Wherever the line with "الاؤنسز میں اضافہ" sits in the listing below, transcribe from it up to and including the line with "Room 5, Spacious", exactly, and leave the remaining lines out.
_ _ _ _
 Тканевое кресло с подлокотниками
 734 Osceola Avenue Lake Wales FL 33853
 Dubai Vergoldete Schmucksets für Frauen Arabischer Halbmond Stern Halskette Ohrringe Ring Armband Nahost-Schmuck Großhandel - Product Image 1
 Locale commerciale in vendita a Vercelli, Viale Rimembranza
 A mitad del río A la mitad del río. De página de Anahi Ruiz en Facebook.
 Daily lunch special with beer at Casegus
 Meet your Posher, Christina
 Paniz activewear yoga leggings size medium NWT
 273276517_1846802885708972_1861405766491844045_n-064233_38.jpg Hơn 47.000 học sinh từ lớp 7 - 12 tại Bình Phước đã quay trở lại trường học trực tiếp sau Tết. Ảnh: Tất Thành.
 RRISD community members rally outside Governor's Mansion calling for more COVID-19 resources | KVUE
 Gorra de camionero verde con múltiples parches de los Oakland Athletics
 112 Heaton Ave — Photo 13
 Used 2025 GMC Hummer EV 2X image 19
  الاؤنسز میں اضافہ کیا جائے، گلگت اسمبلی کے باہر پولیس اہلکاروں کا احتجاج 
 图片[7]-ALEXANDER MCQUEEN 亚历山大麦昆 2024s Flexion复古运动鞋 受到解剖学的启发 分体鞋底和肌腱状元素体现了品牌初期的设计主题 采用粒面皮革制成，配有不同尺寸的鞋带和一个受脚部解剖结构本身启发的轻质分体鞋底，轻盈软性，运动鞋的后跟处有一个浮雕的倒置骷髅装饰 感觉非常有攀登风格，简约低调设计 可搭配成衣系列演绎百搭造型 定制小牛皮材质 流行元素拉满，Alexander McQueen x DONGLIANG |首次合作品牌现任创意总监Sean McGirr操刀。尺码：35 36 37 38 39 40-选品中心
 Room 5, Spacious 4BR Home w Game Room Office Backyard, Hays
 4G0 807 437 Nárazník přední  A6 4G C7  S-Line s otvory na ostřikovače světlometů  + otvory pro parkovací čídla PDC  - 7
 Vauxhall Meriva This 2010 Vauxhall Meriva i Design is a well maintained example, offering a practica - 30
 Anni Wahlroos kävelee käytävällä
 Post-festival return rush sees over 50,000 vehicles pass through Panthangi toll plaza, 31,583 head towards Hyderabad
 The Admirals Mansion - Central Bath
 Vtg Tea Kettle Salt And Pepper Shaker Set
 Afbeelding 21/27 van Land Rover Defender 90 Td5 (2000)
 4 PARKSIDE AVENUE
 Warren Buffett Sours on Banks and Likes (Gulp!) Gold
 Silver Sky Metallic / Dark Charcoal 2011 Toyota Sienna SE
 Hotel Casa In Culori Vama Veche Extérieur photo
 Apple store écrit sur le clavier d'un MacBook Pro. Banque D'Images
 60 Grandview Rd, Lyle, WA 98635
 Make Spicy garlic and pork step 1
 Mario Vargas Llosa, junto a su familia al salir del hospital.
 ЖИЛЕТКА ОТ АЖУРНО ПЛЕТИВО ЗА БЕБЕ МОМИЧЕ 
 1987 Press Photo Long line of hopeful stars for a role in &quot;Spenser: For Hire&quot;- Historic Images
_ _ _ _
Reply ->
  الاؤنسز میں اضافہ کیا جائے، گلگت اسمبلی کے باہر پولیس اہلکاروں کا احتجاج 
 图片[7]-ALEXANDER MCQUEEN 亚历山大麦昆 2024s Flexion复古运动鞋 受到解剖学的启发 分体鞋底和肌腱状元素体现了品牌初期的设计主题 采用粒面皮革制成，配有不同尺寸的鞋带和一个受脚部解剖结构本身启发的轻质分体鞋底，轻盈软性，运动鞋的后跟处有一个浮雕的倒置骷髅装饰 感觉非常有攀登风格，简约低调设计 可搭配成衣系列演绎百搭造型 定制小牛皮材质 流行元素拉满，Alexander McQueen x DONGLIANG |首次合作品牌现任创意总监Sean McGirr操刀。尺码：35 36 37 38 39 40-选品中心
 Room 5, Spacious 4BR Home w Game Room Office Backyard, Hays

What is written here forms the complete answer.